Huc and Gabet arrived in Macao in October 1846 full of plans to establish a mission in Lhasa but their dreams were soon to be dashed. They learned that the Vatican had granted the Society des Missions Etrangeres the exclusive right to preach the Gospel in Tibet and they were not prepared to let Lazerists or any other Order poach on what they now considered to be their turf. As it happens, the Society des Missions Etrangeres was never able to get around to organizing a Tibetan mission and indeed no Catholic or even Protestant missionaries were ever to step foot in Lhasa again. Thus ironically it was not Buddhist resistance but ecclesiastical rivalry and polities within the Catholic Church which prevented the Gospel being preached in the fabled Forbidden City. Father Gabet went to Rome to plead to be able to return to Tibet but was unable to reverse the decision. He was eventually posted to Brazil where the friendship he had cultivated with Tibet’s regent, the language skills he had learned in China and Tibet and his knowledge of the region were all wasted. He died of yellow fever in 1853. Father Huc remained in Macao for two years writing an account of the mission. In 1852 he returned to France but never really recovered from the hardships of his long journey and he died in 1860 worn out at the age of 47.

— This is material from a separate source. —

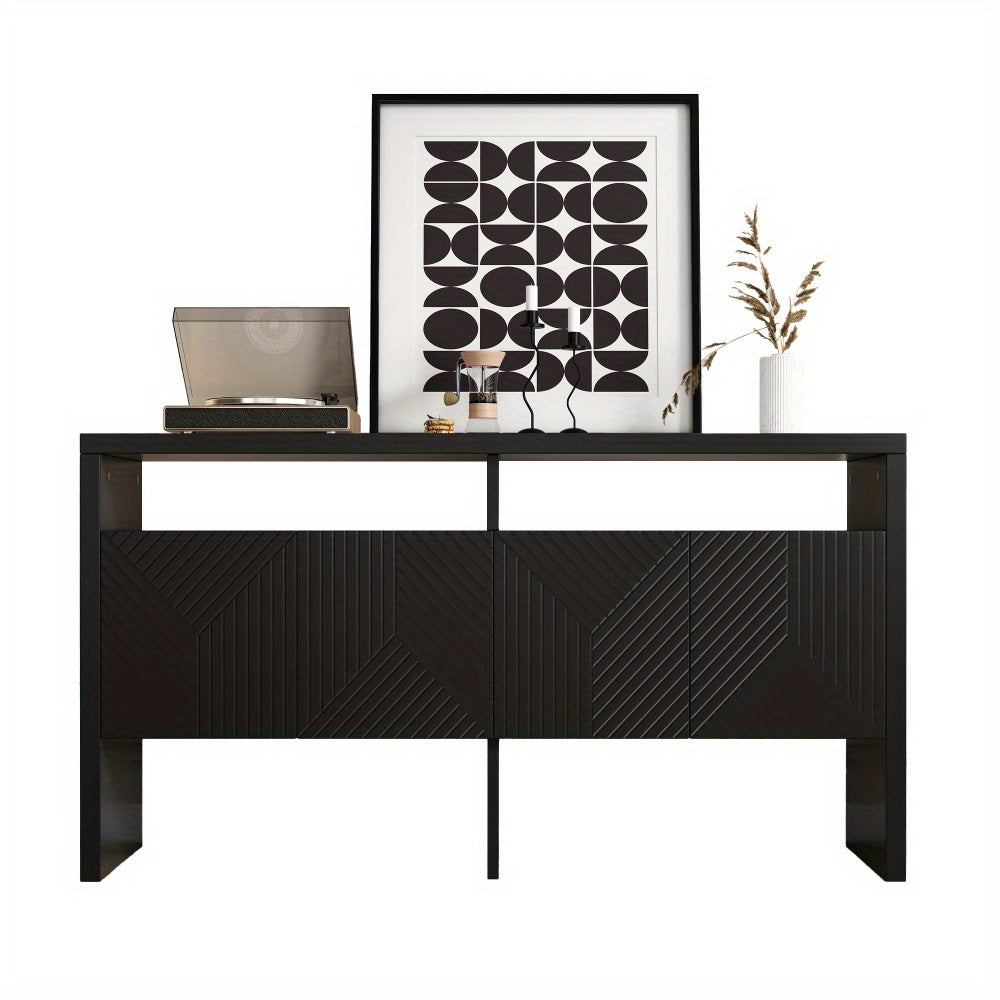 Dressoir – Ladekast – Buffetkast – Opbergkast – Kast – Modern – Hardhouten Frame – 140x75x35 cm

This three-volume travelogue attracted much attention in academic circles, being the only first-hand account of Lhasa to appear during the whole of the 19th century. It went through several editions and was translated into English. Huc’s account of the Tree of Ten Thousand Images in particular created much interest. The idea of such a tree sounded so improbable and yet in all other matters Huc seemed to be a careful and objective informant. Further, as a Catholic missionary hostile to all aspects of Tibetan Buddhism, he had no reason to say anything positive about it. Unfortunately, the truth about the wonderful tree can now never be known for certain. The British traveler Peter Flemming saw it in 1935 but it was autumn and it had shed its leaves. Andre Migot saw it in 1946 but by then it had been enclosed in a temple and he was unable to examine it carefully. Communist Red Guards destroyed the Tree of Ten Thousand Images in the 1960’s.